▶ **Exercise prompt**:
Two lines below mark the span: the one containing "Whiskered terns - Liuwa Plain NP" and the one containing "Junge Stute für Springen/Vielseitigkeit". Set down both, plus every line between, exactly as they stand, and nothing else.

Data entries
*** Block opens ***

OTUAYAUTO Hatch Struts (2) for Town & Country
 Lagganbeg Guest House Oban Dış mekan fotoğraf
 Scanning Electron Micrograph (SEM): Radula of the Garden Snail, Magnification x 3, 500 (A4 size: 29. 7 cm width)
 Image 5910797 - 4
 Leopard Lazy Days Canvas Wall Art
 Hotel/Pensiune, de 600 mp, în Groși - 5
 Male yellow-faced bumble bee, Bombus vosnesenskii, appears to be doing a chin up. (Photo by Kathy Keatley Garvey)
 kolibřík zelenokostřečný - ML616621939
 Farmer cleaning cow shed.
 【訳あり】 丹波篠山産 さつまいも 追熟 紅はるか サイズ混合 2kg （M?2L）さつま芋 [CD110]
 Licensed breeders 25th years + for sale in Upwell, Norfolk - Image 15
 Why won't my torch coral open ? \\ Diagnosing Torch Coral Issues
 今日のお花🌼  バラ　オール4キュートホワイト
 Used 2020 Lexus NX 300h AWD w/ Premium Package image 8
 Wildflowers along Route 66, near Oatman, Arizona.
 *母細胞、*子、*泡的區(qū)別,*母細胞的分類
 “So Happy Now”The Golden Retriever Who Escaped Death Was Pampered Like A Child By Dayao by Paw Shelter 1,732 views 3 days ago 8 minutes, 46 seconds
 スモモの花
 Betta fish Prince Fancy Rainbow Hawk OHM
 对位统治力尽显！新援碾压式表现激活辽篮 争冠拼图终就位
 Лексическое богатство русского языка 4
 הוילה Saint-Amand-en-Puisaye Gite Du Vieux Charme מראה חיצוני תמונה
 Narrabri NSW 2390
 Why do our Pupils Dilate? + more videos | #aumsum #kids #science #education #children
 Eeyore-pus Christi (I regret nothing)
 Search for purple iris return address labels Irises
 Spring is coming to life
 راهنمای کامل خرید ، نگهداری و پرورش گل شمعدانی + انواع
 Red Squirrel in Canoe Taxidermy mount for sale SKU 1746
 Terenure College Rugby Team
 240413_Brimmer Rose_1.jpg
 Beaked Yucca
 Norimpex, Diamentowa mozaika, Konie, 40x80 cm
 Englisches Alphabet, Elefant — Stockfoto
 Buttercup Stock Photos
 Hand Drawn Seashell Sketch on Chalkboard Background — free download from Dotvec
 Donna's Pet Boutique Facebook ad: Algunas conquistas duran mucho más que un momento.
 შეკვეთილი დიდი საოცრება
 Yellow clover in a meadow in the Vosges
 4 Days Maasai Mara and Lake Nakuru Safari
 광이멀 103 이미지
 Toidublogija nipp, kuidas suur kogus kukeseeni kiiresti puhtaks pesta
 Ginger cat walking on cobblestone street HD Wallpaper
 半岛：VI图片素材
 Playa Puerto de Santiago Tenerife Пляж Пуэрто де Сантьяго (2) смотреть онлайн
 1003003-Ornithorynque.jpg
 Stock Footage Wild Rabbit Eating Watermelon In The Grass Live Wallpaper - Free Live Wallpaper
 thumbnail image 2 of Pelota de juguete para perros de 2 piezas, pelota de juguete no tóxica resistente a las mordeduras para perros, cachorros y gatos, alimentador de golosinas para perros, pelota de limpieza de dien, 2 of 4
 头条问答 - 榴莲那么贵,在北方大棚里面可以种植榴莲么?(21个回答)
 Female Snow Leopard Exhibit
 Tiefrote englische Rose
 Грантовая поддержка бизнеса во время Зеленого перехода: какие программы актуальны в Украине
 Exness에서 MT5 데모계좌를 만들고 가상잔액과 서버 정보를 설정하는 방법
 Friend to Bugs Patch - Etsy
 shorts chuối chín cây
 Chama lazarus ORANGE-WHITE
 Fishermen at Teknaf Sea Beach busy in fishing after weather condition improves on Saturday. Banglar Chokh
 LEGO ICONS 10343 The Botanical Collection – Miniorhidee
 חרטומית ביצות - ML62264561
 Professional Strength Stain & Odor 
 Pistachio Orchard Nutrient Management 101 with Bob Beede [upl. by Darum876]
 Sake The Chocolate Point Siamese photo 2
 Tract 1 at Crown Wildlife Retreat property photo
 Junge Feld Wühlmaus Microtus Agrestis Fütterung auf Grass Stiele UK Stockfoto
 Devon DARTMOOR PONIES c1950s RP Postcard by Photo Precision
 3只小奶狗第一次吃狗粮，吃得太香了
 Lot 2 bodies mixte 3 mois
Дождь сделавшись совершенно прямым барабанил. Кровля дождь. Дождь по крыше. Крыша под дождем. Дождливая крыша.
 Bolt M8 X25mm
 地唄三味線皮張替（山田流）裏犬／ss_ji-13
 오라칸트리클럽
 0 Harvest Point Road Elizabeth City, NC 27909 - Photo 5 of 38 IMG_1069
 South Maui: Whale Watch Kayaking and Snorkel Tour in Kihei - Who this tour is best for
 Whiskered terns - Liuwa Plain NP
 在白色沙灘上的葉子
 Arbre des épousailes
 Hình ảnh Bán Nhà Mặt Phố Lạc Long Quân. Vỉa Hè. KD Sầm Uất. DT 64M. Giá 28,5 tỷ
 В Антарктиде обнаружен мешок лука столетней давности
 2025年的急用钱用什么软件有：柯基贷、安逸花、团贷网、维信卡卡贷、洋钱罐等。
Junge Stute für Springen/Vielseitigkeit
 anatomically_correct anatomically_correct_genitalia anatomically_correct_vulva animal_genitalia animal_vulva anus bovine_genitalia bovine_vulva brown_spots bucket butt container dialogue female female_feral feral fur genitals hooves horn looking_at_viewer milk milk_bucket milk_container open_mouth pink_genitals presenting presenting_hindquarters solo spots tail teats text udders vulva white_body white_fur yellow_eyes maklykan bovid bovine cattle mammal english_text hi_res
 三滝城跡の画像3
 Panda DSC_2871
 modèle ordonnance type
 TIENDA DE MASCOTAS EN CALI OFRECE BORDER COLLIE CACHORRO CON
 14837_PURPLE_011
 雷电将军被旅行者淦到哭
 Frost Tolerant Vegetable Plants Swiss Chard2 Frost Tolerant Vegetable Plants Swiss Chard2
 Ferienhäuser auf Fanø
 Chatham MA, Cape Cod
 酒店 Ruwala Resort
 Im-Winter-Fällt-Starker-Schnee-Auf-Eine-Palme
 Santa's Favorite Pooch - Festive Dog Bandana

*** Block closes ***

▶ **Result for this exercise**:
 Whiskered terns - Liuwa Plain NP
 在白色沙灘上的葉子
 Arbre des épousailes
 Hình ảnh Bán Nhà Mặt Phố Lạc Long Quân. Vỉa Hè. KD Sầm Uất. DT 64M. Giá 28,5 tỷ
 В Антарктиде обнаружен мешок лука столетней давности
 2025年的急用钱用什么软件有：柯基贷、安逸花、团贷网、维信卡卡贷、洋钱罐等。
Junge Stute für Springen/Vielseitigkeit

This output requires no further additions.